Most of all, I love “Love,” and I love spreading and giving this love to as many people as possible, and thanking God everyday for giving me another day to live on this earth. My love filters the surrounding air and I carry this love, which makes me belt out Christmas carols spontaneously and makes me to be sure to bring at least two candy canes with me wherever I go.

It causes me to wish everyone a Merry Christmas two weeks before its actual date, and smile and walk with a bounce in my step. It fills me up, all of this love from “The Reason.” It feels like I’m the only one who truly loves “The Reason” for the season: the birth of Jesus Christ.

I asked my mom and little sister what they loved most about Christmas.

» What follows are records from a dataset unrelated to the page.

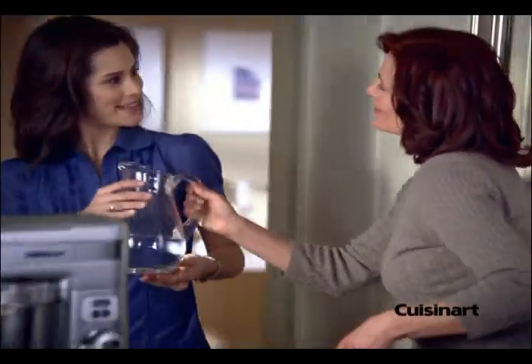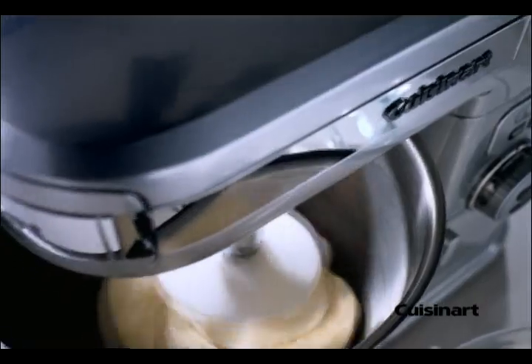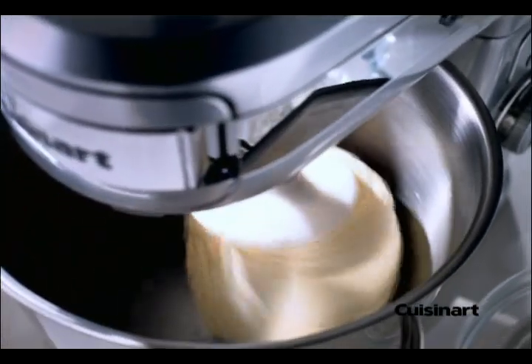Mom, you make great meals look so easy. What's your secret? My Cuisinart Stand Mixer. With its 7-quart bowl and 1,000 watts of power, it mixes faster and more efficiently.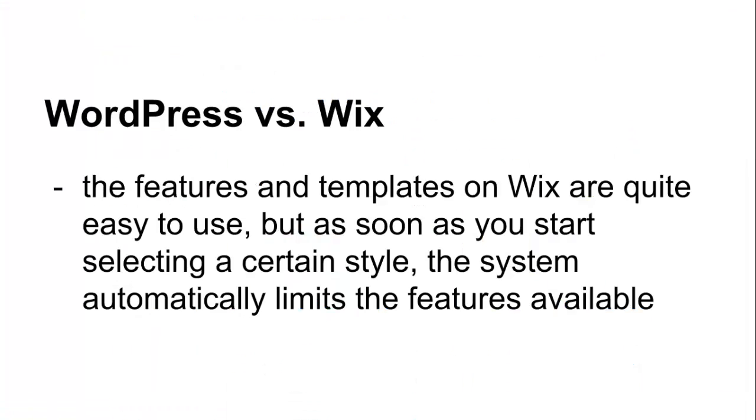Like I was mentioning a moment ago, the features and templates on Wix are quite easy to use, but as soon as you start selecting a certain style, the system automatically limits the features available. While this makes setup easier, it can make customizing harder, so you may not end up with exactly the type of page or look you'd prefer.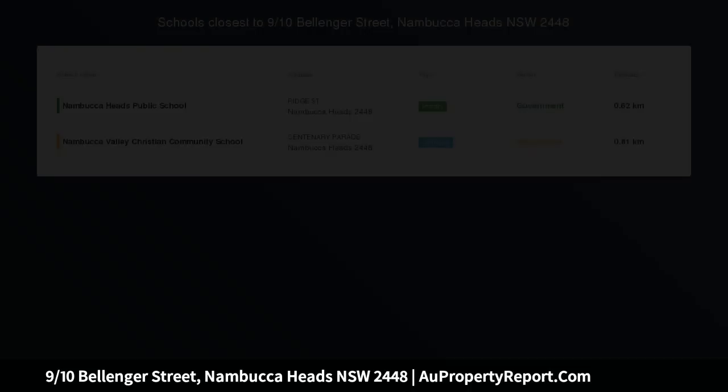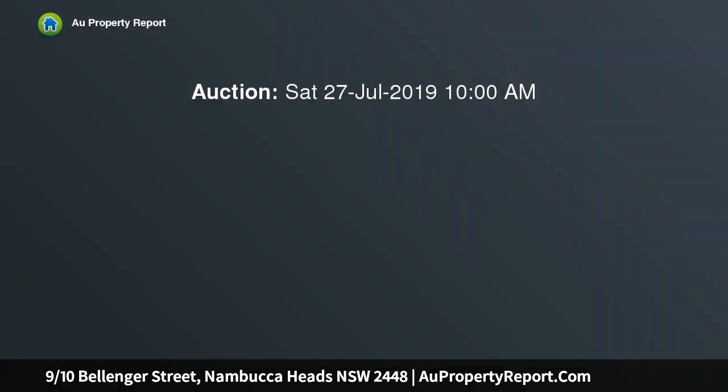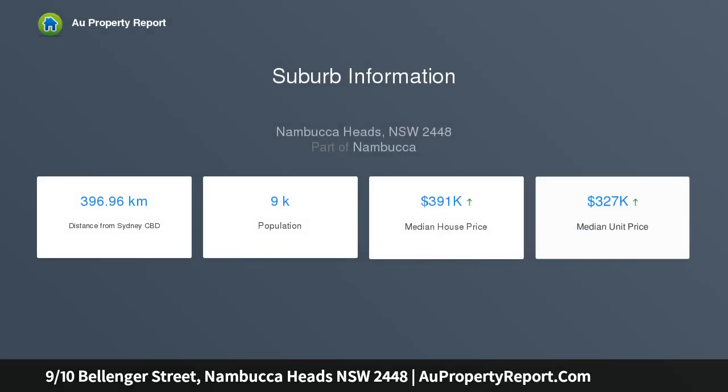Three level townhouse close to beautiful beaches. Situated at the end of the complex, comes this three level townhouse with two bedroom, one bathroom apartment, and is just a short walk to CBD, beautiful beaches, and public transport — perfect for the investor looking to take advantage of the superior location.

My little sister said she loved family time and the gifts (of course) and then I remember why I made that promise to not ask her anything else. My mother, however said she loved to give and that she loved the intimacy and the fun with family and what not. But then I said, “Mom, what about the nativity?” and she said, “well yes, that too.”

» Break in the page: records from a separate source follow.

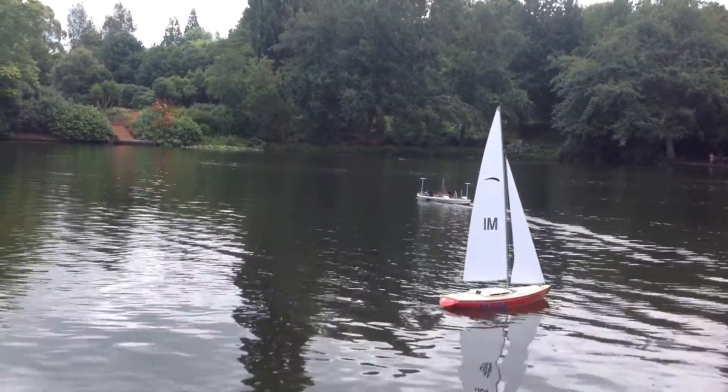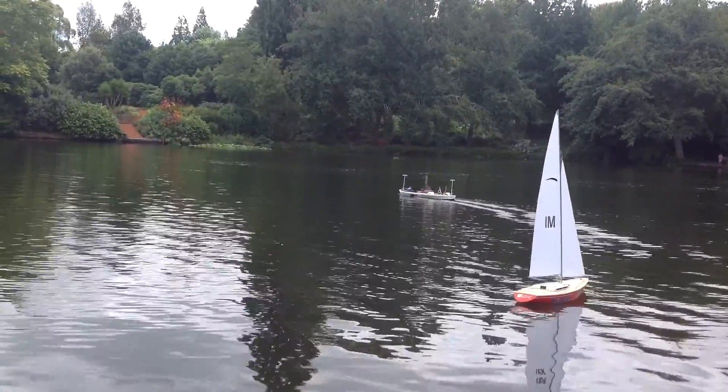The best part of the photo is the yacht, isn't it? The best part of the photo is the yacht.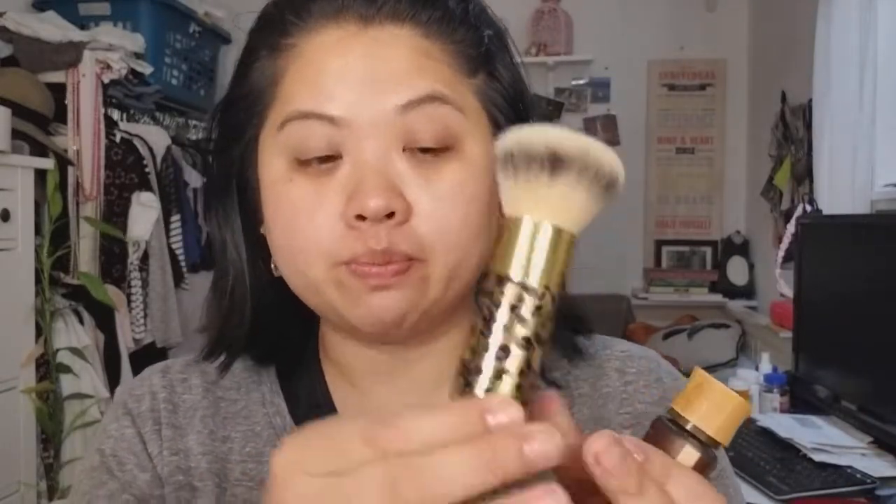I already applied primer, eyelid primer, and some chapstick, so let's get started. Here's the brush and the foundation — I got it in Light Medium. I'm always confused whether to get Light because I'm pretty pale, but I feel like I have a little bit of color. Light Medium seemed safe in case I get a tan. I've always wanted to try this foundation. The first time I used it I used a beauty blender, but today I'm going to use the brush. I'll just do one side of my face first so you can see what it looks like.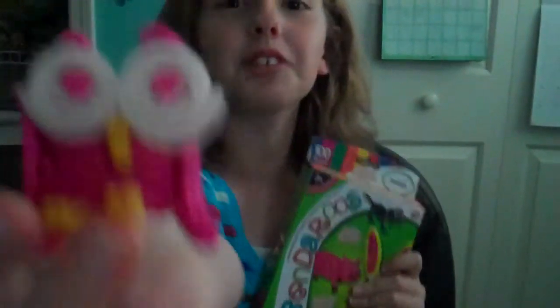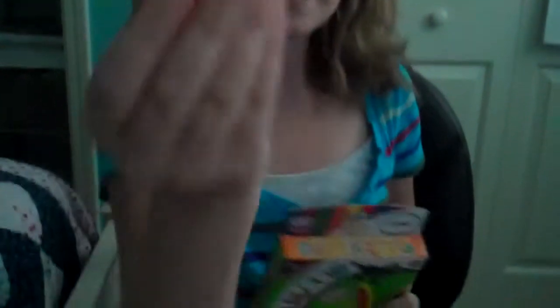Bendaroos! Bend-a-who, bend-a-roo. Look what I made — it's an owl! Look at its eyes, they're huge, they're as big as mine.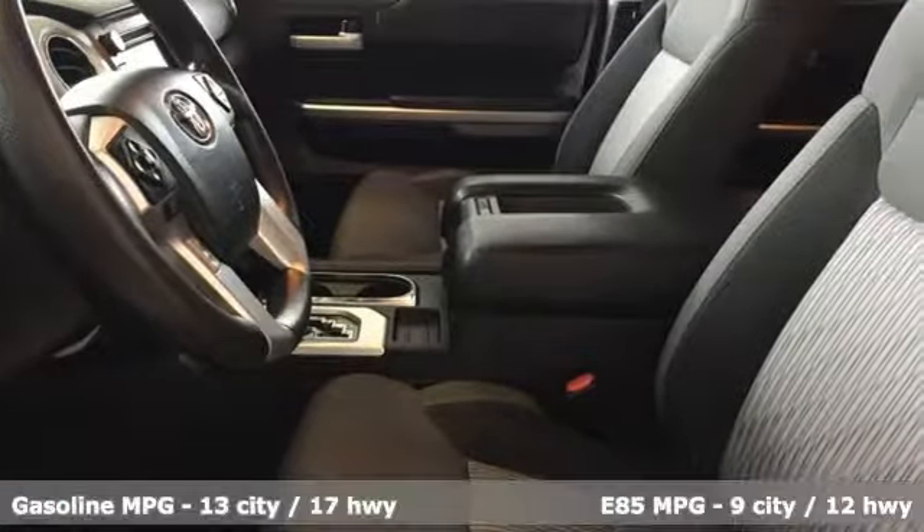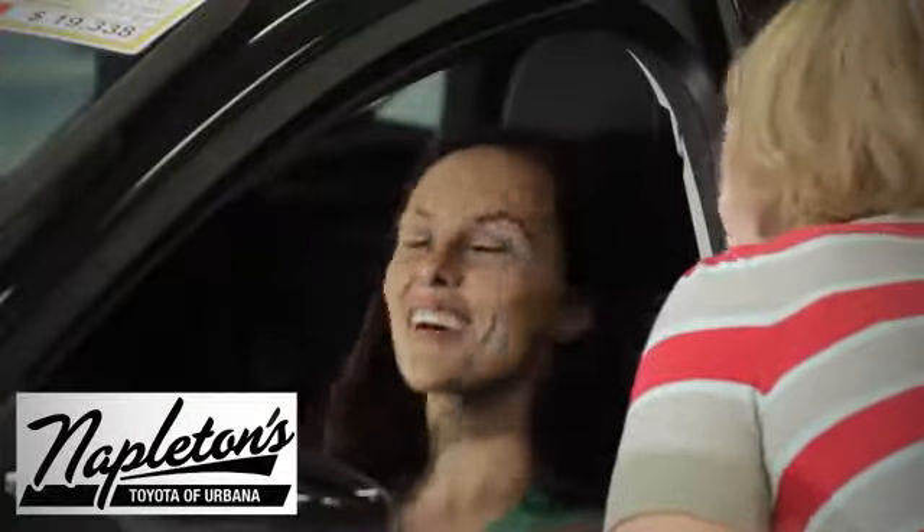And get ready for an impressive combination of features: streaming audio, power heated mirrors, manual tilting steering column, wireless phone connectivity, air conditioning, automatic transmission, trailer hitch receiver, electronic shift on the fly, and V8 engine. Take it for a test drive today.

It’s as if this “giving” is overshadowing the true reason for the season and while my mother feels like while it is being overshadowed in some households, it hasn’t been overshadowed in ours. However, she’s acted as if the birth of Christ and “giving” were equally important. My little sister, who has never bought someone else a present in her life, also said they were equally important.

But, if “giving” is “just as important” as the nativity, it will only be a matter of time until the true reason for the season is forgotten altogether.

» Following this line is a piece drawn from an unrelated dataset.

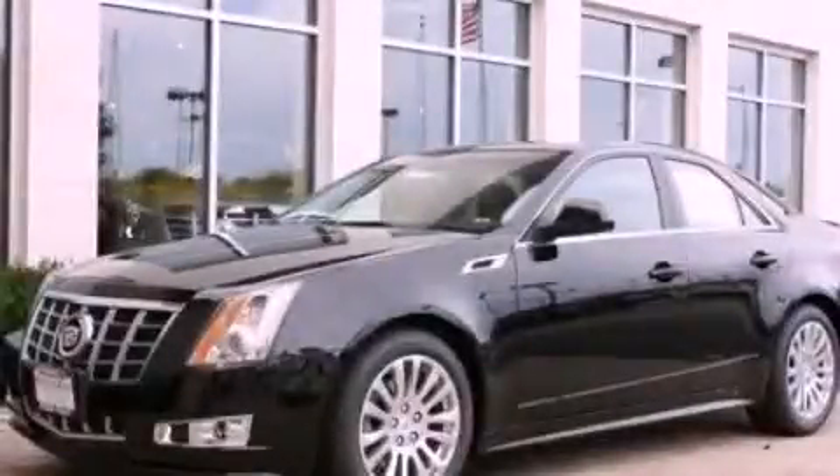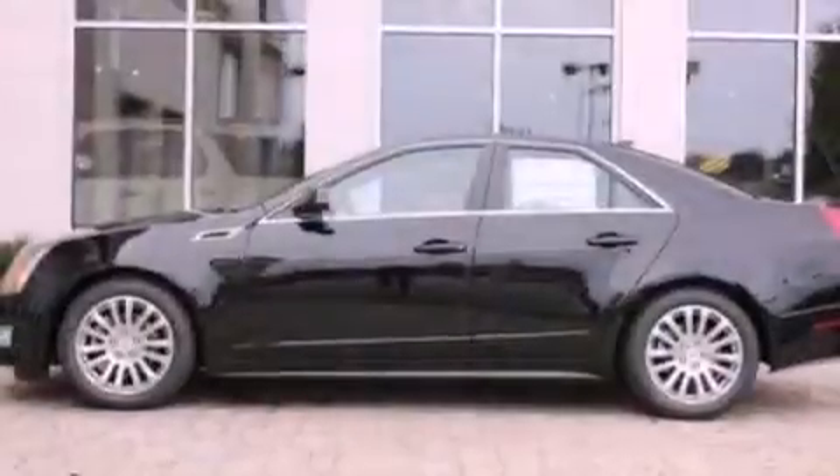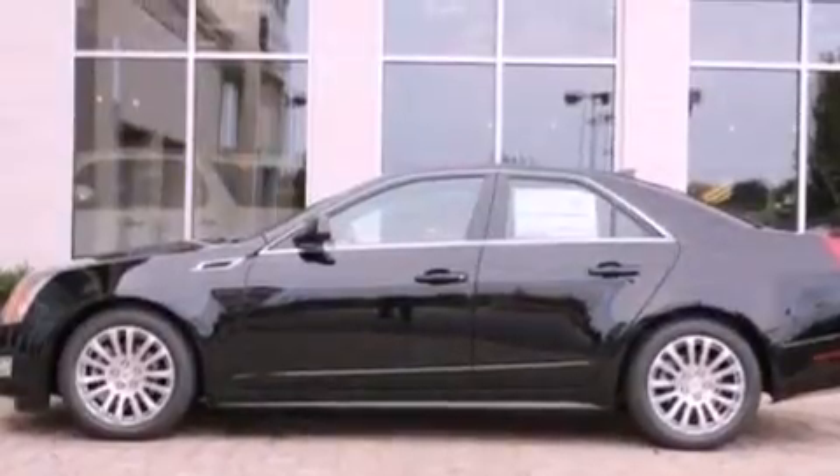This is a 2012 Cadillac CTS with a great fit and finish. It has a 3.6-liter six-cylinder engine and an automatic transmission.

H is for How long? As in, how long until Christ himself is completely written out of Christmas? I love genuine giving, don’t get me wrong and I love receiving, too. Only, I will never allow that to influence my morals or my values. Christ will always be my reason. I so solemnly swear.



The opinions presented within this page do not represent the views of FIU Student Media Editorial Board. These views are separate from editorials and reflect individual perspectives of contributing writers and/or members of the University community.


Image retrieved from Flickr.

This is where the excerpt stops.